For the new systems selected for the 2020 Native American DWINSA, EPA will use the same methodology as used in previous DWINSAs. The sampling design is discussed in detail below. As previously described in Part A of this ICR, EPA will administer new questions in addition to the 2020 Native American DWINSA: the LSL and OpW questions. There are no separate precision targets for these questions, so EPA will administer these questions to the same systems sampled for the 2020 Native American DWINSA.
The key variables available for the 2020 Native American DWINSA are the same as those described in Section B.1.b for the 2020 State DWINSA with the exception that the survey instrument will be prepopulated with data from the 2011 Native American DWINSA for systems surveyed in the 2020 DWINSA.
The 2020 Native American DWINSA is designed to estimate the total capital needs of American Indian systems for the nation as a whole and for Alaska Native Village systems. EPA proposes a survey of a statistical sample to estimate total capital needs. This statistical approach minimizes burden while achieving the desired level of precision.
A mailed survey is not an effective approach to the collection of data from these water systems. EPA believes that the absence of knowledgeable respondents at these systems limits the general reliability of the responses. The best way to gather information from these systems is through direct contact by EPA Regions or the Navajo Nation. Thus, EPA Regions and the Navajo Nation will be responsible for collecting survey data, with assistance from the systems.
This section is the same for the 2020 Native American DWINSA as described in Section B.1.d for the 2020 State DWINSA, with exceptions noted below.
As noted in Section B.1.c above, the 2020 Native American DWINSA will not be self-administered by American Indian and Alaska Native Village water systems; rather, EPA regional offices and the Navajo Nation will complete the surveys with assistance from the water systems. EPA estimates that for each system, the survey will require approximately 3.13 hours (Exhibit A-6-16) from water system staff, 4.75 hours (Exhibit A-6-19) for the Navajo Nation, and 7.43 hours for the EPA regional office to complete. This approach substantially reduces the burden on Native American water systems and increases the accuracy of survey responses and the response rate for these systems.
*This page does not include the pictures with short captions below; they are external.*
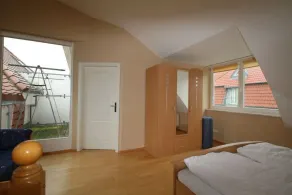Apartment over 2 floors with 2 balconies and views of the sea and the countryside - Image 4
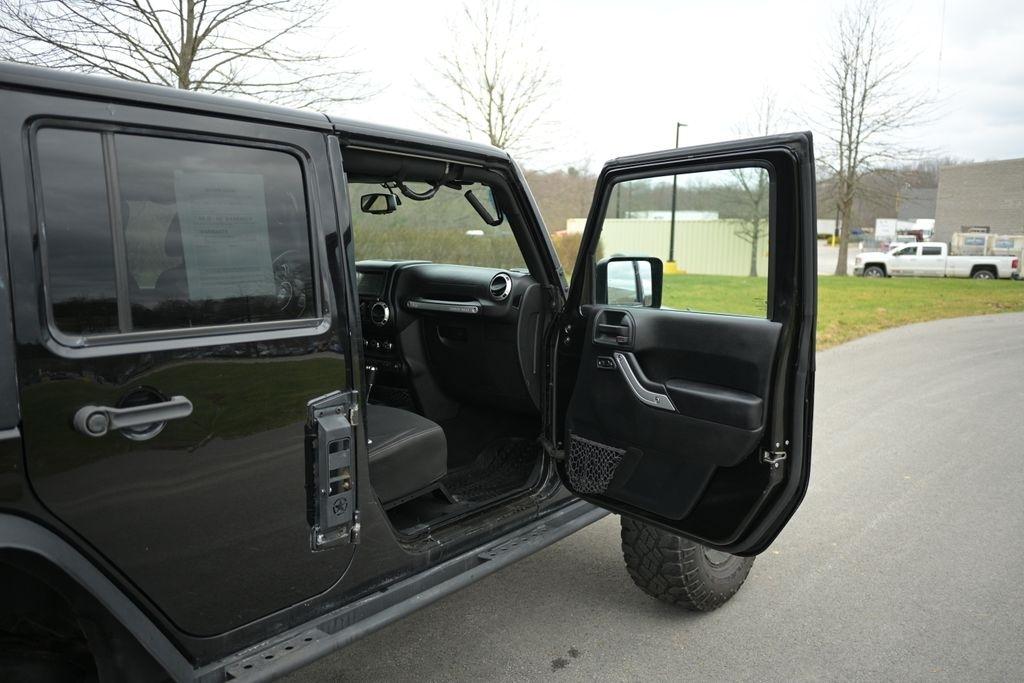 Jeep Wrangler Unlimited 4WD 4dr Rubicon 2017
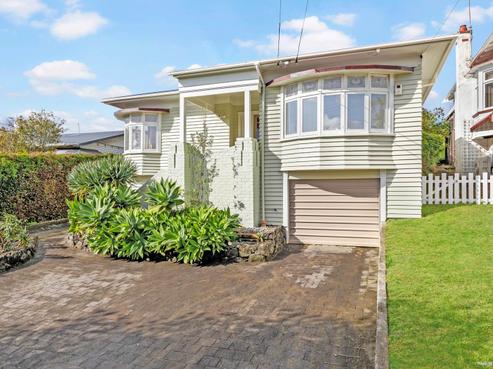 16 Aliford Avenue, One Tree Hill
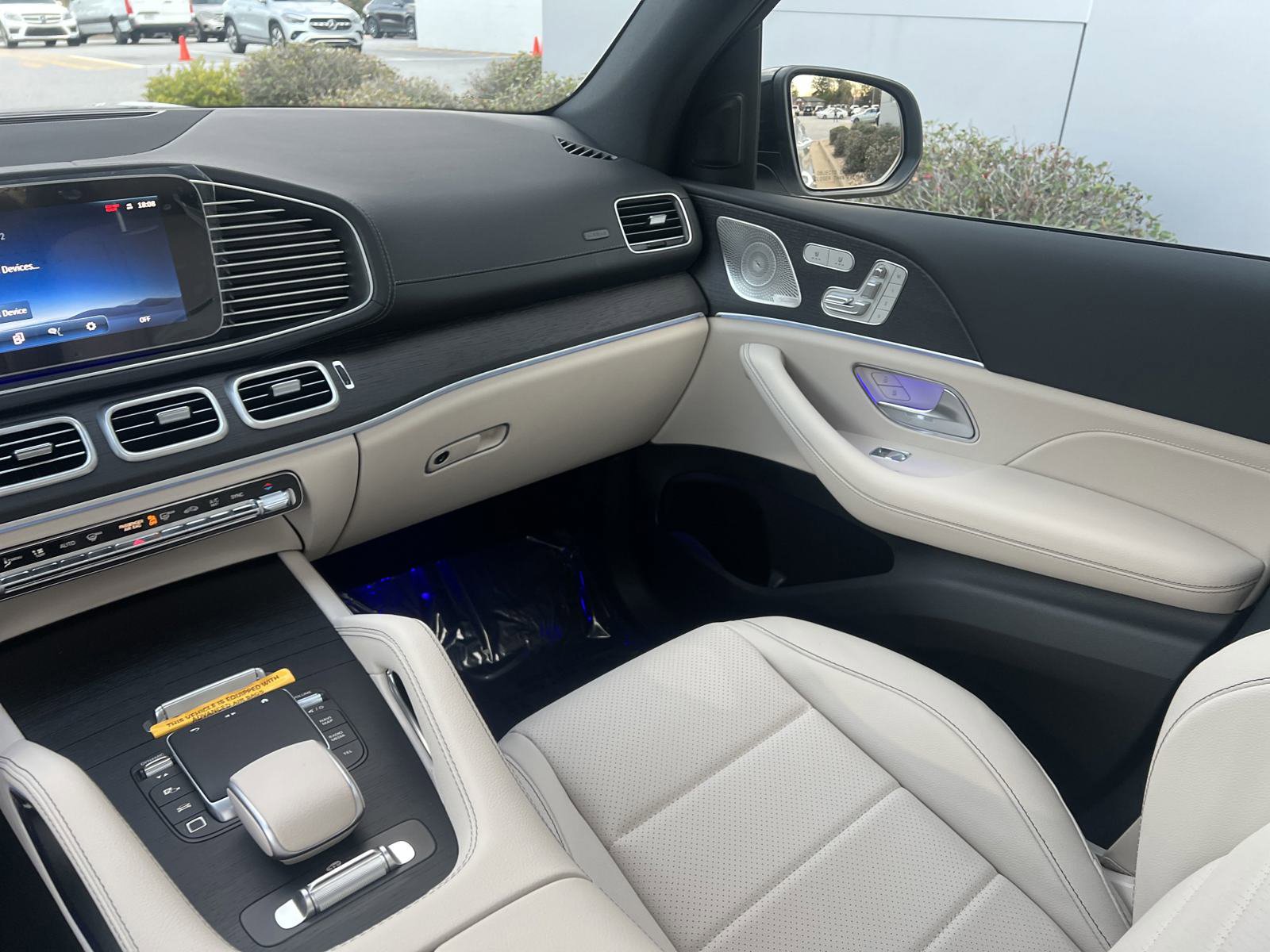 2025 Mercedes Benz GLS 450 4MATIC photo 29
The design for the 2020 Native American DWINSA, like that for the 2020 State DWINSA, is stratified random sampling. American Indian and Alaska Native Village water systems serving more than 3,300 persons will be sampled with certainty. The stratification variables for the small systems are the same as those for medium and large CWSs sampled in the 2020 State DWINSA: size of population served and primary source of supply. However, unlike the 2020 State DWINSA, the 2020 Native American DWINSA will select two separate samples: 1) American Indian systems in the continental U.S., and 2) Alaska Native Village systems. Stratification variables for both samples include population size (populations of: 25 – 500; 501 – 1,000; and 1,001 – 3,300), and primary sources of supply (surface and ground). Systems serving more than 3,300 persons are selected with certainty.
The target population is CWSs and NPNCWSs that have been designated as Native American. A CWS is a public water system that serves at least 15 service connections used by year-round residents or regularly serves at least 25 year-round residents. A NCWS is a “public water system that is not a community water system and that regularly serves at least 25 of the same persons over 6 months per year” (non-transient noncommunity water system) or is a public water system that is not a community water system and “does not regularly serve at least 25 of the same persons over six months per year” (transient noncommunity water system). (40 CFR 141.2)
The sample design for the 2020 Native American DWINSA is predominantly the same as that for the 2020 State DWINSA described in Section B.2.b. Differences between the 2020 State DWINSA and the 2020 Native American DWINSA are described in the relevant sections below.
The sampling frame is developed for the 2020 Native American DWINSA using the same approach described in Section B.2.b.i for the 2020 State DWINSA with the exception that EPA Regions and the Navajo Nation will review the sample frame rather than states.
The procedures proposed for designing a sample size for the 2020 Native American DWINSA is the same as that proposed for 2020 State DWINSA. Equations 1, 2, and 3 still apply, except that a national sample size will be selected instead of state-by-state samples.
As with the design for the 2020 State DWINSA, the sample design for the 2020 Native American DWINSA is stratified on the basis of (1) size (number of persons served by the CWS or NPNCWS), and (2) primary source (ground water and surface water).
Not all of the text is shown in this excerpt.